Temperamento umano e logica poetica completamente diverse. Neruda passionale, cruento, sanguigno, sensuale e furioso d’amore nel coinvolgere la totalità delle cose nella sua sconvolta e sconvolgente poetica.
Per Saint-John Perse basterebbe dire che è l’opposto di Neruda. Allucinato, esangue e senza passione, cerebrale, raffinato, evanescente, scrittura altamente simbolica, metafisica e di traslazione come il moto della Luna attorno alla Terra.
Eppure qualcosa di insondabile lega i due poeti: la comune, profondissima inesplorabile poetica. Sì, la logica nella poesia che è la stessa della logica scientifica. La logica che sottende i grandi poeti. In Dante, il più alto di tutti, gira e rigira è sempre la stessa, quella della fisica, della matematica e della filosofia.
Quale logica? Una profonda sensibilità umana che si ramifica in migliaia di affluenti ma che ritrova unità nel grande alveo del fiume poco prima del suo fluire nell’oceano di inizio e fine dell’esperienza umana e terrena.
Secondo Euclide per un punto esterno a una retta può passare una sola retta parallela a quella data e le due rette non si incontreranno mai. No. Secondo le geometrie non euclidee, vedi Riemann, prima dell’infinito le due rette convergeranno così come tutti gli affluenti convergono nel grande fiume.
Neruda nei “Cento sonetti d’amore”, poemetto dedicato al grande amore della sua vita, Matilde Urrutia, la Beatrice di Dante o per meglio dire Francesca da Rimini, trabocca di vitalità, sconvolge la stessa furia del mare in tempesta, entra nelle radici del bosco, si perde nella luce accecante del deserto di Atacama, il deserto più deserto di tutta la terra dove non piove mai, ribolle di passione nel profumo del loro amore, fatto di legno, perché tutto è fatto di legno, e neanche la morte potrà entrare nel legno del loro amore che brucerà atomo dentro atomo sino alla fine dei tempi.

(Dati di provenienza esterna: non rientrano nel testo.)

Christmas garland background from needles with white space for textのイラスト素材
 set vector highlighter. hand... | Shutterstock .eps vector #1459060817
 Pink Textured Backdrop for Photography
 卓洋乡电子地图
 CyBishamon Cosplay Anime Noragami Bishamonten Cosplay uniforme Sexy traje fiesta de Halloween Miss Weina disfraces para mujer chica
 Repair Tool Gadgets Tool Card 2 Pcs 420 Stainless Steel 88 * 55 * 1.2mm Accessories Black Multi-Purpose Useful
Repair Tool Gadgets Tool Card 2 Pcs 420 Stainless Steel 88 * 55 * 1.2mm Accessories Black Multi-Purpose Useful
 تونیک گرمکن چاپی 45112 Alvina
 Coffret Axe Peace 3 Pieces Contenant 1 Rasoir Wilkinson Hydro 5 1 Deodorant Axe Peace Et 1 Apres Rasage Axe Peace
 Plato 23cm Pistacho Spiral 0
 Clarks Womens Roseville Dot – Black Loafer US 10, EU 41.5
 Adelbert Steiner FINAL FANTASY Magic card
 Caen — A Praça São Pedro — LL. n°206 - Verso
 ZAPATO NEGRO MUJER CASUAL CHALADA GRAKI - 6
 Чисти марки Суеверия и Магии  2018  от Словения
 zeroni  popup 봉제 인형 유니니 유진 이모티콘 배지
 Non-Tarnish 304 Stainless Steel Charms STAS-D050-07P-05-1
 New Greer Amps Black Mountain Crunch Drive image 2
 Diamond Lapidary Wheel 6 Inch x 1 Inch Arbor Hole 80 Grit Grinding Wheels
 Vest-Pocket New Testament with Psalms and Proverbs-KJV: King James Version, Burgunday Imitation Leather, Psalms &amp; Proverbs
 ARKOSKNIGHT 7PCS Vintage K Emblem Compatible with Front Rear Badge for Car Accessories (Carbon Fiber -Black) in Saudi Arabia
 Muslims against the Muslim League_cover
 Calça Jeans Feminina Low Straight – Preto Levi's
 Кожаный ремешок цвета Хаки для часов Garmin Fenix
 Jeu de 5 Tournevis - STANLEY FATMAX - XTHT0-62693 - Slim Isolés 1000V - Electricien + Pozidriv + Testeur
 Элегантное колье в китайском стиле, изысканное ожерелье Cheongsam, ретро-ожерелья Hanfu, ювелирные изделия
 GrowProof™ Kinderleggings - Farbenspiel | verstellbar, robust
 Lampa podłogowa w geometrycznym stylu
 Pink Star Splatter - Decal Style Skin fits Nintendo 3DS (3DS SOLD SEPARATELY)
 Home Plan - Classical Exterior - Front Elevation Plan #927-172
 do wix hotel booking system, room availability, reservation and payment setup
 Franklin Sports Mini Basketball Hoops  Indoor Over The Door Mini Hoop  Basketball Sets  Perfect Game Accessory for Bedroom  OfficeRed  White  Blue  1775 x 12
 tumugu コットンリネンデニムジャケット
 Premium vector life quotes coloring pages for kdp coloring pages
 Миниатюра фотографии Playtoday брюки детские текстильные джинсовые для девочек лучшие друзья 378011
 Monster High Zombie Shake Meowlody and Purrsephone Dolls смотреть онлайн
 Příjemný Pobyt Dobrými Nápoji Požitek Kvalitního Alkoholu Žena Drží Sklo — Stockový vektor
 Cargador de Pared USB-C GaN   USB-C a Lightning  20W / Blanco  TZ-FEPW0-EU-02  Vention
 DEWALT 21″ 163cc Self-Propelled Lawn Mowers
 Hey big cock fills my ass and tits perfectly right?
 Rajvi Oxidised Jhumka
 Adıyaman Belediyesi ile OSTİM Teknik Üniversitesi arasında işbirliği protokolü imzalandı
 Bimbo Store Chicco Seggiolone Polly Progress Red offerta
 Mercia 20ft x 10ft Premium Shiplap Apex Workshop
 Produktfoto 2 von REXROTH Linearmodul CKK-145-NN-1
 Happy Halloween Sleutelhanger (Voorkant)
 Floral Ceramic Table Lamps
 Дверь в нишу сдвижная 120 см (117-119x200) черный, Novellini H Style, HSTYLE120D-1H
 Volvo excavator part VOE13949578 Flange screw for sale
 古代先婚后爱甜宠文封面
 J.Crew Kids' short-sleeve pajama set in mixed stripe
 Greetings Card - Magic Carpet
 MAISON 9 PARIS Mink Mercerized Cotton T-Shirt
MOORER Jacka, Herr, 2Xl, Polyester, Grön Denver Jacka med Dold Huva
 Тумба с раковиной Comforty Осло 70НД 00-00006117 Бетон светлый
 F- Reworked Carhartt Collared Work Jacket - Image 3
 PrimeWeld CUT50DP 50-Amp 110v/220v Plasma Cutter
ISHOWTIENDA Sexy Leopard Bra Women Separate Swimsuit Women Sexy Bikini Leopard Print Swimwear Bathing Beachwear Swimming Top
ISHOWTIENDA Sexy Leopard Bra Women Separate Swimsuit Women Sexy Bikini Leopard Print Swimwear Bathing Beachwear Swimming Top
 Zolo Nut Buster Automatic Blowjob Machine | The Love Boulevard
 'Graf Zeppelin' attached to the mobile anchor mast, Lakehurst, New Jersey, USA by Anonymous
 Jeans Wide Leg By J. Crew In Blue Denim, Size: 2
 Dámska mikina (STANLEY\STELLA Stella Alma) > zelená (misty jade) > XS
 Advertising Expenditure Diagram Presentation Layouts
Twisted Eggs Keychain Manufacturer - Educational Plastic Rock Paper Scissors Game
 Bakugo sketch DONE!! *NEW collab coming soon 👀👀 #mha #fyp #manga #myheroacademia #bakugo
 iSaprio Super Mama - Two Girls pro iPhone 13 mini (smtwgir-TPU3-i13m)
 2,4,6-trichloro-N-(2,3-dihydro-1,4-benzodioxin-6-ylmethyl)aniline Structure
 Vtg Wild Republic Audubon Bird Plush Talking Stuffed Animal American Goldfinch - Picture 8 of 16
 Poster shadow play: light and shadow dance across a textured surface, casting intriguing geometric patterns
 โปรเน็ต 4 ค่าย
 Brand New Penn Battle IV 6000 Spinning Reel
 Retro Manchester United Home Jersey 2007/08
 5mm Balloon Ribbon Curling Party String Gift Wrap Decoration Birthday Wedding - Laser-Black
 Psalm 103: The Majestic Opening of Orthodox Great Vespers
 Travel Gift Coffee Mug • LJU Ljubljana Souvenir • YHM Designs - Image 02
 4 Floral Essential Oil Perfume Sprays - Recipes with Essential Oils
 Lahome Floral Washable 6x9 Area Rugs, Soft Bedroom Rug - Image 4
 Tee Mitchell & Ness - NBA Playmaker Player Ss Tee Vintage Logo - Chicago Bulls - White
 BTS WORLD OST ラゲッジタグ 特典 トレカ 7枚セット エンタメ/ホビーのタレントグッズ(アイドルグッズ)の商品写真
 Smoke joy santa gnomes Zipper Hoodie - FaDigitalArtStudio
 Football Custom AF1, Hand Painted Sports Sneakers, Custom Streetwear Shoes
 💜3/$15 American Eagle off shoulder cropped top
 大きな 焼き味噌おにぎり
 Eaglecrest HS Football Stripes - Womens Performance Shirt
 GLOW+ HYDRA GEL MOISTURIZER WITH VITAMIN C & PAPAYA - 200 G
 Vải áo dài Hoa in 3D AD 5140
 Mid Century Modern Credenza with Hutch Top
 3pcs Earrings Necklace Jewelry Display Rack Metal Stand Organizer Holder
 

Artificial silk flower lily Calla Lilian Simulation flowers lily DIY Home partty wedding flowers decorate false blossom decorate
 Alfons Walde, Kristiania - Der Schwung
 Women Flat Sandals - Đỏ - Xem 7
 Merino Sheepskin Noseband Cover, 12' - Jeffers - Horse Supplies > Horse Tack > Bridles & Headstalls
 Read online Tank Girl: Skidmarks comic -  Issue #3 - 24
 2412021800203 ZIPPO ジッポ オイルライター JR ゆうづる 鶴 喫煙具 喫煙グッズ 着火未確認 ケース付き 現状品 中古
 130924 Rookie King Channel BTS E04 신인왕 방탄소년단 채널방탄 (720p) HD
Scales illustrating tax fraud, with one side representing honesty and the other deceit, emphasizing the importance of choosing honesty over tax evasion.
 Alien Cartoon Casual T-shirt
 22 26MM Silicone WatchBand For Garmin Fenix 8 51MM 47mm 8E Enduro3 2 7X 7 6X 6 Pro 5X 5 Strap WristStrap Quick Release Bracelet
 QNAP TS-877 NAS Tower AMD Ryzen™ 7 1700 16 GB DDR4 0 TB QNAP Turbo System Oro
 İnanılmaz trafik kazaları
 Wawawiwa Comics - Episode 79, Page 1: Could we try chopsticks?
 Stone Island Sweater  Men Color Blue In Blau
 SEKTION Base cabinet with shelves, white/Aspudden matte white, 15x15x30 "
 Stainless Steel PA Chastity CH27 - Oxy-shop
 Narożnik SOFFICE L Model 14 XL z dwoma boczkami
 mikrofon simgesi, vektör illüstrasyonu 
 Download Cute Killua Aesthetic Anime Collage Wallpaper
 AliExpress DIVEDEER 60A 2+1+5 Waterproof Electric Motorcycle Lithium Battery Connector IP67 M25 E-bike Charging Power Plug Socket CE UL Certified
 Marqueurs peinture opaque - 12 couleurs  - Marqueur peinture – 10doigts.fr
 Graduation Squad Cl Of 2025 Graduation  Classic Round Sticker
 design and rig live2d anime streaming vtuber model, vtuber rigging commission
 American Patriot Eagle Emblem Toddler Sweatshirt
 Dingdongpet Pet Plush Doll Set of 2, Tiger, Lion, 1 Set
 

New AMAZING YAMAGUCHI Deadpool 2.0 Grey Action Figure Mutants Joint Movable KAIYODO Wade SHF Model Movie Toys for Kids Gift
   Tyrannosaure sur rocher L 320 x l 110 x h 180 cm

Saint-John Perse segue invece la desolata strada dell’Anabasi, il ritorno. La traccia è appunto l’Anabasi di Senofonte, Storico e filosofo allievo di Socrate, prese parte come mercenario, unitamente a tanti altri soldati greci, alla spedizione militare di Dario II il Giovane che voleva riprendersi il regno di Persia, usurpatogli dal fratello Artaserse. Nel ritorno dalla Persia in Grecia – l’Anabasi – i soldati mercenari non trovano più la via dell’andata e si perdono tra le montagne.
Riferimenti ad altri poeti per Saint-John Perse: si parla di Cendras, Apollinaire e forse meglio a pittori come Braque e Picasso. Io direi invece la poesia profetica di Khalil Gibran e vagamente anche Tagore e in musica l’evanescente dolcezza di Puccini.
Per quanto riguarda Neruda, altro non vedo che il Bolero di Ravel, ma soprattutto Dante nell’episodio di Paolo e Francesca da Rimini.
Concludo citando il minimo della struttura dei due giganti.
Neruda: Gira la notte sulle sue ruote invisibili \ e dentro di te brucio come legno antico”.
Saint-John Perse: “Lo straniero mise il dito nella bocca dei morti \ e il Principe alto e magro \ tutto avvolto nelle sue bende \ vagabonda nelle vuote cisterne dei romani”.